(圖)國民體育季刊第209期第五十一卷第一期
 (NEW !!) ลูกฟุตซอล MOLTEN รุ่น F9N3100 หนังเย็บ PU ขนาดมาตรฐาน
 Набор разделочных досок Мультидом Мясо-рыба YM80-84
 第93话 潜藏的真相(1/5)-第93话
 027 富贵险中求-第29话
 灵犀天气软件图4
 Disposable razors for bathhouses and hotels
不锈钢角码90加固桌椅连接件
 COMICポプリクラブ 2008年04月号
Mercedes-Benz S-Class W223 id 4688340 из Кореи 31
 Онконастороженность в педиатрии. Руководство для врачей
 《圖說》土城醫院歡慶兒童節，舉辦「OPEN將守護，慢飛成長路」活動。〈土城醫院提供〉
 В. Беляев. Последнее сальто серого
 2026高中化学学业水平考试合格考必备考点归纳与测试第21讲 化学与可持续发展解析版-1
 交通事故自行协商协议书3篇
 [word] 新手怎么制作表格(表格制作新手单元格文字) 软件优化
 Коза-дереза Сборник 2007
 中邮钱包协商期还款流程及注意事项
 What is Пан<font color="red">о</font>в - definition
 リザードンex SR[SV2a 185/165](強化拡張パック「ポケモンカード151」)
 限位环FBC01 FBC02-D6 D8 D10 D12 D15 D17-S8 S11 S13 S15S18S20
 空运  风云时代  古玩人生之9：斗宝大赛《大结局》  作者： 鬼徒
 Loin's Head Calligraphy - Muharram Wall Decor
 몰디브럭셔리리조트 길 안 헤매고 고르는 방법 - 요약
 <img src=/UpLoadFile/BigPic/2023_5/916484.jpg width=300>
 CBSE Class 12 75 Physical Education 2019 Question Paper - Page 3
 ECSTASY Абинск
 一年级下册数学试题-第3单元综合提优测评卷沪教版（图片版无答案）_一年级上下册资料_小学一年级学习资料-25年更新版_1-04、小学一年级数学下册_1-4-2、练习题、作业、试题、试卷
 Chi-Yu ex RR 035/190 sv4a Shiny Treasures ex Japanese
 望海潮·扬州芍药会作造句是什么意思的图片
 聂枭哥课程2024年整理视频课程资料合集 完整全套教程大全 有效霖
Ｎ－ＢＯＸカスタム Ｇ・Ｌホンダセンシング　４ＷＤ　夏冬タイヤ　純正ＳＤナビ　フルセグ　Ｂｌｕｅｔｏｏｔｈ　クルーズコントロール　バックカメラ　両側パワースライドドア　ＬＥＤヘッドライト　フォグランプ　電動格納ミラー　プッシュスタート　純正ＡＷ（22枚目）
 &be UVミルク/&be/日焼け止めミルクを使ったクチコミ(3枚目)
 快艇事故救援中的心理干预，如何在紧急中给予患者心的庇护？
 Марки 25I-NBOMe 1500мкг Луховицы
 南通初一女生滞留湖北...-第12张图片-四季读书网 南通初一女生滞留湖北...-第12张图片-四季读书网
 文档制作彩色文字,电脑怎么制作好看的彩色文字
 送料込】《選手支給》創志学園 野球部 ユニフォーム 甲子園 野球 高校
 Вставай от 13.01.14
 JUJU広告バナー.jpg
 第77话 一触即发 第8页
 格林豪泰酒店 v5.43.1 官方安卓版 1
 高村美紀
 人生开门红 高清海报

++++++

▶ _REQUIRED ACTION_
Copy each line of the records that has "Class" in it.

▶ _WRITTEN RESPONSE_
Mercedes-Benz S-Class W223 id 4688340 из Кореи 31
 CBSE Class 12 75 Physical Education 2019 Question Paper - Page 3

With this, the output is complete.